Biml Annotations and ObjectTags
Why This Pattern Matters
Biml objects already carry a long list of built in attributes, but real projects always need more. A staging table that was built from source metadata often needs to remember which source schema and source table it came from. A package may need a hint that downstream files can read. Annotations and ObjectTags are the two mechanisms Biml provides for attaching that extra metadata to any object.
Annotations are string to string pairs and can be declared directly on objects in Biml. ObjectTags are string to object pairs and are added through BimlScript code in a higher tier file.

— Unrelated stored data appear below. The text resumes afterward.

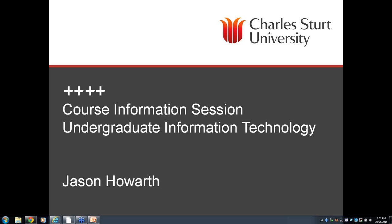Hello and welcome everyone to tonight's webinar on Undergraduate Information Technology courses at Charles Sturt University. Glad you could make it along tonight. My name is Jason Howarth, I'm a course director here at Charles Sturt. I'm not a very well course director tonight — I've got a bit of a flu, so if you hear my voice getting a bit croaky, you'll know why. Great that you could join us tonight.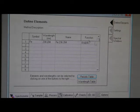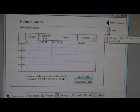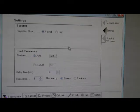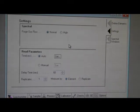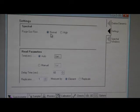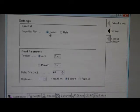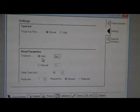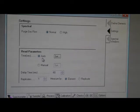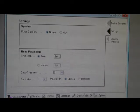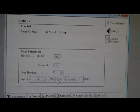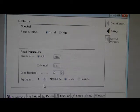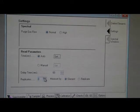Next one, you can go to the setting. You follow the instruction from the menu. Choose the purge gas: normal. Time: auto. Delay time: 60 seconds. And replicate: choose 3. And measure by element.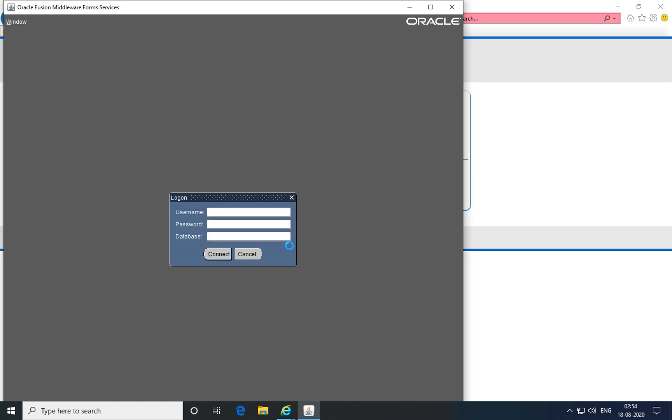Once you've done those steps, you will get the login applet for the Oracle Clinical application. The login applet utilizes the Java Runtime Environment and gives you a secure page to login to Oracle Clinical that conforms with 21 CFR Part 11 compliance.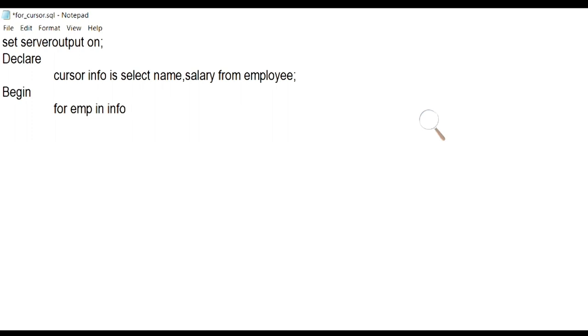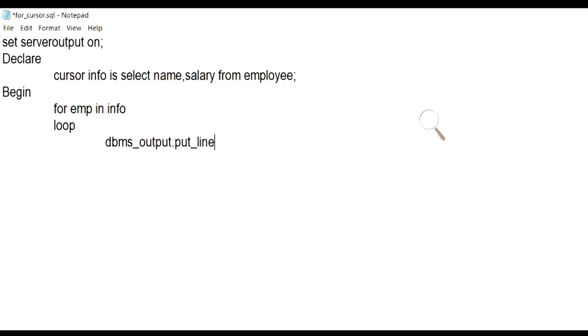Here, EMP is a row type record variable. Record variables are special type of variables which can store multiple attributes under a single variable. And each attribute of the table can be accessed using dot operator.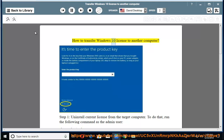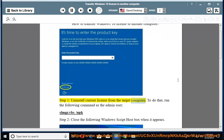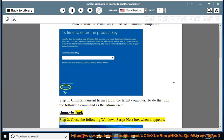How to transfer Windows 10 license to another computer. Step 1: Uninstall the current license from the target computer. To do that, run the following command as the admin user: slmgr.vbs /upk.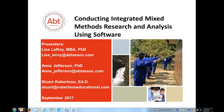Today we have Lisa Leroy, PhD, who is a Principal Associate and the Director of Qualitative Research for the U.S. Health Division at Abt Associates.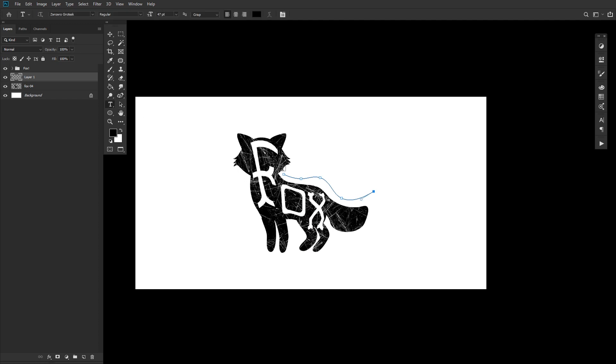select the Type tool and click towards the beginning of the pen path. And then go ahead and type out your phrase. The text will follow the curve of the path, as opposed to going in a straight line.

Biml Annotations Versus SSIS Annotations
The word annotation means two different things in this space. SSIS annotations are the sticky note style comments that appear on the SSIS design surface. Biml annotations are a separate concept: they store extra metadata on Biml objects and never show up on the SSIS design surface.
Biml annotations come in four flavors: 'CodeComment', 'Documentation', 'Description', and 'Tag'. This walkthrough focuses on the 'Tag' flavor, which is the right tool for storing arbitrary string metadata for later retrieval.

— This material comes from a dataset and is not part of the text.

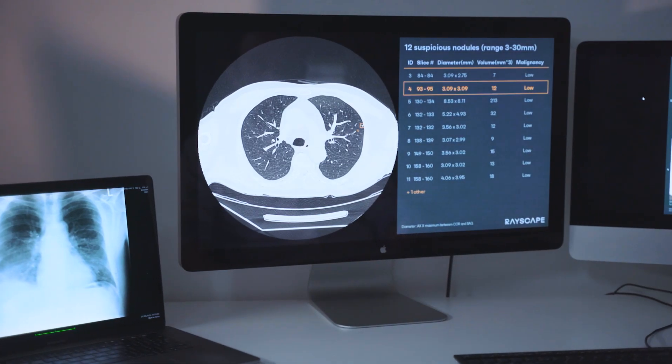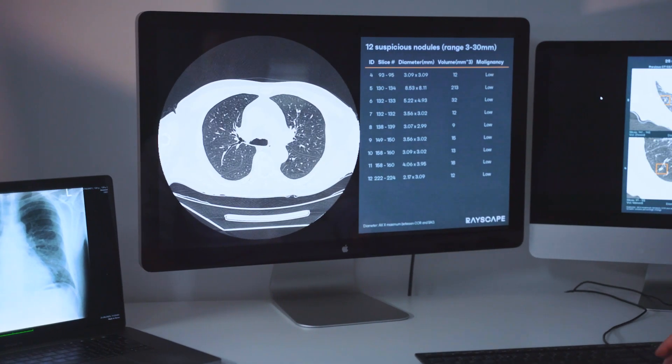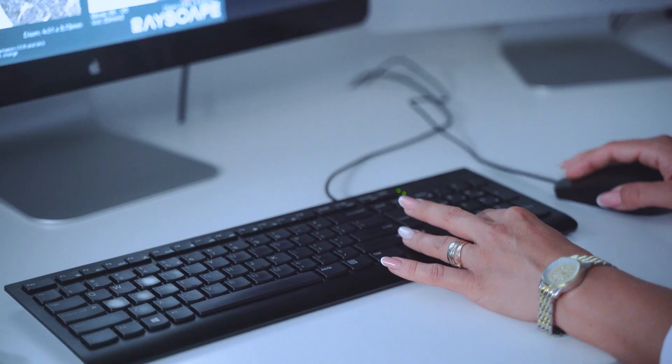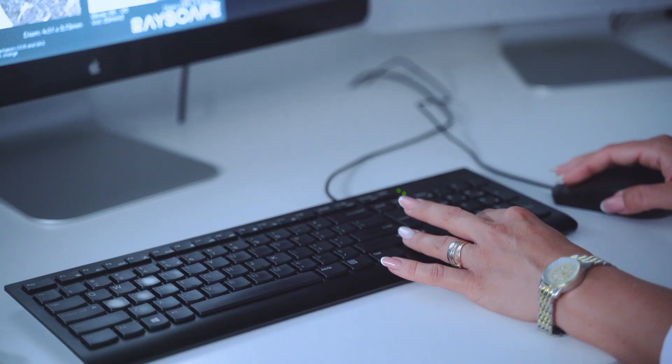Rayscape is the complete digital assistant that provides radiologists an artificial intelligence tool for better decision-making.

Declaring Annotations on an Object
Annotations are declared inline. The 'Annotation' element has a 'Tag' attribute that names the key, and the element body holds the value:
<OleDbConnection Name="StagingDb" ConnectionString="...">
<Annotations>
<Annotation Tag="DestinationDatabase">Warehouse</Annotation>
<Annotation Tag="DestinationSchema">stg</Annotation>
</Annotations>
</OleDbConnection>
Reading an Annotation From a Higher Tier File
A higher tier file can pull the value back out with 'GetTag', passing the same key that was declared on the annotation:
<#=RootNode.OleDbConnections["StagingDb"].GetTag("DestinationSchema")#>
Example: Source Table Metadata in Annotations
A common staging pattern is to build one staging table per source table, derive a new name for the staging table, and remember the original source name on the staging table so that the load packages know what to read from. Two tiered files split that work between table creation and package creation.

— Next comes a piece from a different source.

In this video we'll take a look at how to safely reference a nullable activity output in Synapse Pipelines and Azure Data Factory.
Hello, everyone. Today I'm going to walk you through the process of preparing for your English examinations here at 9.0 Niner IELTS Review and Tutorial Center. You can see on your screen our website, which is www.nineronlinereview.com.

The tier 0 file imports the source schema and creates one staging table per source table. The original schema qualified source name is attached as an annotation:
<#@ template tier="0" #>
<Biml xmlns="http://schemas.varigence.com/biml.xsd">
<Connections>
<OleDbConnection Name="OpsSource" ConnectionString="Data Source=.;Initial Catalog=OperationalDB;Provider=SQLNCLI11.1;Integrated Security=SSPI;" />
<OleDbConnection Name="StagingDb" ConnectionString="Data Source=.;Initial Catalog=Warehouse;Provider=SQLNCLI11.1;Integrated Security=SSPI;" />
</Connections>
<Databases>
<Database Name="Warehouse" ConnectionName="StagingDb" />
</Databases>
<Schemas>
<Schema Name="stg" DatabaseName="Warehouse" />
</Schemas>
<Tables>
<# var srcConn = SchemaManager.CreateConnectionNode("OpsSource", "Data Source=.;Initial Catalog=OperationalDB;Provider=SQLNCLI11.1;Integrated Security=SSPI;"); #>
<# var srcSchema = srcConn.GetDatabaseSchema(ImportOptions.ExcludeViews | ImportOptions.ExcludeIdentity | ImportOptions.ExcludeForeignKey); #>
<# foreach (var srcTable in srcSchema.TableNodes) { #>
<Table Name="<#=srcTable.Schema#>_<#=srcTable.Name#>" SchemaName="Warehouse.stg">
<Columns>
<#=srcTable.Columns.GetBiml()#>
</Columns>
<Annotations>
<Annotation Tag="SourceSchemaQualifiedName"><#=srcTable.SchemaQualifiedName#></Annotation>
</Annotations>
</Table>
<# } #>
</Tables>
</Biml>
Each staging table receives a name of the form 'schema_table', for example 'Sales_Orders'. The annotation with tag 'SourceSchemaQualifiedName' stores the bracketed source name, for example '[Sales].[Orders]', so the load package can read it back later.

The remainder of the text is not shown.